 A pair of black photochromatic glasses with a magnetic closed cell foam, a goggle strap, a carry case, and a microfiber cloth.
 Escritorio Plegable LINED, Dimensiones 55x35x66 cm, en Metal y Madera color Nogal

...

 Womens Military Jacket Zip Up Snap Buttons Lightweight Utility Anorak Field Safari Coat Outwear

= WHAT YOU NEED TO DO =
Please reproduce, exactly as they appear above, the lines from the line containing "A pair of black" up to and including the line containing "Escritorio Plegable LINED, Dimensiones".

= TASK RESPONSE =
 A pair of black photochromatic glasses with a magnetic closed cell foam, a goggle strap, a carry case, and a microfiber cloth.
 Escritorio Plegable LINED, Dimensiones 55x35x66 cm, en Metal y Madera color Nogal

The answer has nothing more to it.